Note. The “little horn,” in his view, is to be Antichrist rising three and a half years before Christ’s second advent, having first overthrown three of the ten contemporaneous kingdoms, into which the fourth monarchy, under which we live, shall be finally divided. Popery seems to be a fulfilment of the prophecy in many particulars, the Pope claiming to be God on earth and above all earthly dominions; but the spirit of Antichrist prefigured by Popery will probably culminate in ONE individual, to be destroyed by Christ’s coming; He will be the product of the political world powers, whereas Popery which prepares His way, is a Church become worldly.
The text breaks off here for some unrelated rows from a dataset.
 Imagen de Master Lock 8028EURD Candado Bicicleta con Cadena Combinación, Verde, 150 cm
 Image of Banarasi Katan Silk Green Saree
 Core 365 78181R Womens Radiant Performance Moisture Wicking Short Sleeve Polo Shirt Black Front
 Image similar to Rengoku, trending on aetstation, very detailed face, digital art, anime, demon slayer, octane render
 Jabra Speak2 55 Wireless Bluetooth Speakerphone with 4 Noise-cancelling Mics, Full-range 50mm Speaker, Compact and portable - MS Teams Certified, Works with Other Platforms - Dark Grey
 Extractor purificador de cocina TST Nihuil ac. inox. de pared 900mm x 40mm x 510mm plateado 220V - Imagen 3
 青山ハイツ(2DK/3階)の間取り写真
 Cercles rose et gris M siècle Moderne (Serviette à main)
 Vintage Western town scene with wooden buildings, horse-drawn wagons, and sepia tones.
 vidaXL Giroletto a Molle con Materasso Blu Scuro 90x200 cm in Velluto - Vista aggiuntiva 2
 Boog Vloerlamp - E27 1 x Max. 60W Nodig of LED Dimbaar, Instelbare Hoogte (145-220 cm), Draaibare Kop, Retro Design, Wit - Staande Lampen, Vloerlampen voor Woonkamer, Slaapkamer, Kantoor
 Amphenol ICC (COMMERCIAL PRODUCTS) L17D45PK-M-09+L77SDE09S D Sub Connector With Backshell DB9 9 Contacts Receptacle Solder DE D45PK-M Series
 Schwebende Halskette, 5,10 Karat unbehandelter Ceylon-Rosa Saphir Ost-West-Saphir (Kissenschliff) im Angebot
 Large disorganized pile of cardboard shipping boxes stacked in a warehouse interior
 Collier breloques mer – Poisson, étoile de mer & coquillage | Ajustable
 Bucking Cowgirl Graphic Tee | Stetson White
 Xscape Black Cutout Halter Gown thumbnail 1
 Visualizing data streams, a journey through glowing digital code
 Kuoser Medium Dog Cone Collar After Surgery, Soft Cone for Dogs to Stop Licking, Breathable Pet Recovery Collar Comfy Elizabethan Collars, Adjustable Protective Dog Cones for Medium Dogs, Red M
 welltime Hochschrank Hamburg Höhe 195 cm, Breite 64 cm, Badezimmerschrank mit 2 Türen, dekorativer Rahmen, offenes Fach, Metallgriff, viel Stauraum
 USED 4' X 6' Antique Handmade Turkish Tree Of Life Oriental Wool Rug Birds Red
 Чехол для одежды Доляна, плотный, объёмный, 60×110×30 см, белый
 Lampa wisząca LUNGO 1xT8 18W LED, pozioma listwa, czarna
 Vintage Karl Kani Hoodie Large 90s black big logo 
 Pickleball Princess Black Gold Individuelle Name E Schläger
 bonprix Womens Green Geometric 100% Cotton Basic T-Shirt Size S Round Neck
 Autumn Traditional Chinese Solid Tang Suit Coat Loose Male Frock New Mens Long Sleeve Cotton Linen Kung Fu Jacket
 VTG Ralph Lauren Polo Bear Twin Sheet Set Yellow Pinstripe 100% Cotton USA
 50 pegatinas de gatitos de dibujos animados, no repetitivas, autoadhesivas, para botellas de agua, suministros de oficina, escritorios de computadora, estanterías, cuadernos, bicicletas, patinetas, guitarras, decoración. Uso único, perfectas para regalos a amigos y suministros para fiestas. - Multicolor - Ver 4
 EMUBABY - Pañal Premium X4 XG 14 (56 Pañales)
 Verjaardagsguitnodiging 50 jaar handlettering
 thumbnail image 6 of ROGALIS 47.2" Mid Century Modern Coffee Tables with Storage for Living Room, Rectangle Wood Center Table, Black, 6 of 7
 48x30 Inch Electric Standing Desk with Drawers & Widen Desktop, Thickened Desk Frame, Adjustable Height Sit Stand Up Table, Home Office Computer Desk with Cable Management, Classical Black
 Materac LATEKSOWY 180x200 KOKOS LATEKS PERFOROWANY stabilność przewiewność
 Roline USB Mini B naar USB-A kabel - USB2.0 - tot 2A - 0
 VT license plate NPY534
eyes of man—Eyes express intelligence (Ez 1:18); so (Ge 3:5) the serpent’s promise was, man’s “eyes should be opened,” if he would but rebel against God. Antichrist shall consummate the self-apotheosis, begun at the fall, high intellectual culture, independent of God. The metals representing Babylon and Medo-Persia, gold and silver, are more precious than brass and iron, representing Greece and Rome; but the latter metals are more useful to civilization (Ge 4:22). The clay, representing the Germanic element, is the most plastic material. Thus there is a progress in culture; but this is not a progress necessarily in man’s truest dignity, namely, union and likeness to God. Nay, it has led him farther from God, to self-reliance and world-love. The beginnings of civilization were among the children of Cain (Ge 4:17–24; Lu 16:8). Antiochus Epiphanes, the first Antichrist, came from civilized Greece, and loved art. As Hellenic civilization produced the first, so modern civilization under the fourth monarchy will produce the last Antichrist. The “mouth” and “eyes” are those of a man, while the symbol is otherwise brutish that is it will assume man’s true dignity, namely, wear the guise of the kingdom of God (which comes as the “Son of man” from above), while it is really bestial, namely, severed from God. Antichrist promises the same things as Christ, but in an opposite way: a caricature of Christ, offering a regenerated world without the cross. Babylon and Persia in their religion had more reverence for things divine than Greece and Rome in the imperial stages of their history. Nebuchadnezzar’s human heart, given him (Da 4:16) on his repentance, contrasts with the human eyes of Antichrist, the pseudo son of man, namely, intellectual culture, while heart and mouth blaspheme God. The deterioration politically corresponds: the first kingdom, an organic unity; the second, divided into Median and Persian; the third branches off into four; the fourth, into ten. The two eastern kingdoms are marked by nobler metals; the two western, by baser; individualization and division appear in the latter, and it is they which produce the two Antichrists.